It was the studios that pushed TI to meet DCI specifications and upgrade its projector. It was also the studios that forced the 1 January 2010 deadline on TI licensees to begin selling the DCI compliant Series 2 version of projector, against TI’s protests that it needed more time. The studios were right to push TI to meet DCI specifications. And while it was understandable that some studios refused to back down from their artificial deadline, it is typical of industry to not be prepared to accept the consequences.
The consequences have been several. For the first time ever, the adoption rate for digital cinema has grown faster overseas than in the US, thanks to 3-D. Any thought of adopting a lower standard to encourage rest-of-world technology adoption have fallen to the wayside. Exhibitors have demonstrated that they will pay for systems, at least those with 3-D, that intend to comply with DCI specification. They will now have a hard time pushing for something less. And projector sales have exploded following the success of Avatar, providing further opportunity for DCI systems to penetrate. But as good as this may sound for studios, the irony is that the promised projectors are not available. The shift for manufacturer’s to Series 2 production has not been graceful, and backorders are now reaching several months. If the Avatar swell wears off, these conversions could be lost.

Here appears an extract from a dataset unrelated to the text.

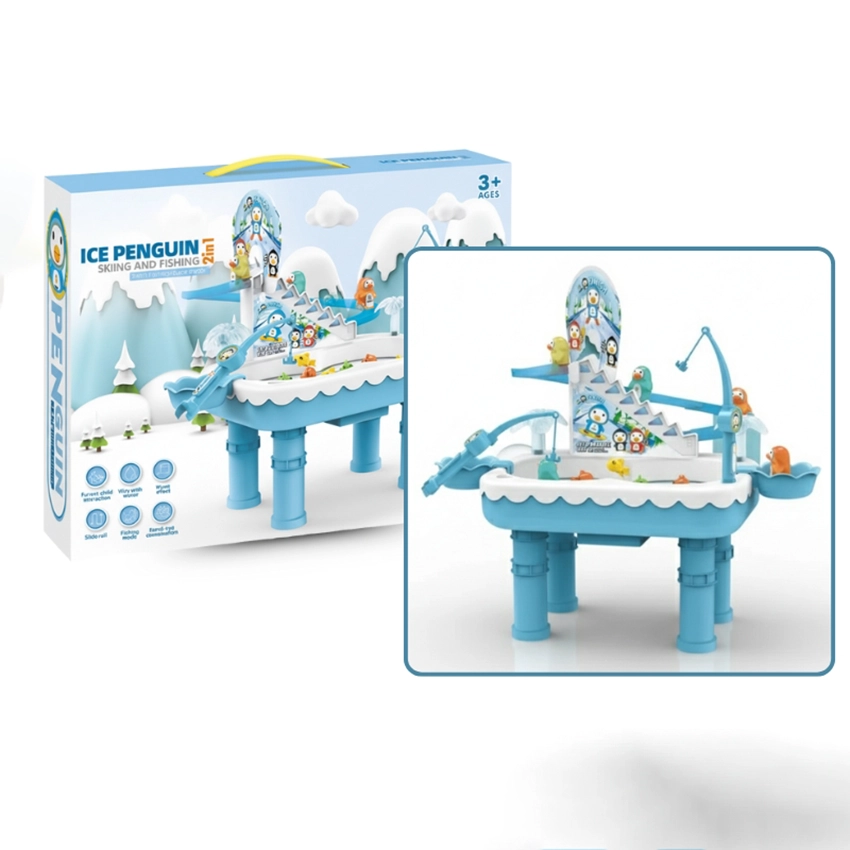 Ice Penguin 2 in 1 Skiing and Fishing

TI has been very public about the fact that it will be late in incorporating subtitling in the projectors. It plans to first upgrade Series 1 projectors to be SMPTE DCP compliant. It then will upgrade the Series 2 projector to accept both Interop and SMPTE DCP subtitles. Today, the Series 2 projector accepts no subtitles. It was TI’s belief when setting out the parameters for Series 2 that subtitling would take place in the in-projector media block, designed by others.
But whether subtitles take place in media blocks inside projectors or inside servers, the ISDCF Burbank demonstration showed that not all subtitle rendering is created equal. Subtitles rendered inside a Series 1 projector, the accepted standard, do not look like subtitles rendered on a Doremi or GDC server. Understandably, this is not acceptable to studios. So while subtitling inside media blocks appeared to be a reasonable solution to the Series 2 shortcoming, a very different reality has emerged. Studios instead are burning subtitles into the digital images. The result is that a myriad of subtitled DCPs have to be created for each release. Complaints are coming in from Technicolor and Deluxe.
Executives with no experience in the technology sector have a hard time understanding that they can’t just flip a switch and have everything work in a new way. Adding to the problem, technology types typically are not good at scheduling or explaining the virtues of an in-field debugging period. To sound good, a closer milestone is quoted, such as the release of version 1.0. Digital cinema is loaded with such examples of naiveness. The rush to Series 2 projection has earned its place on that list.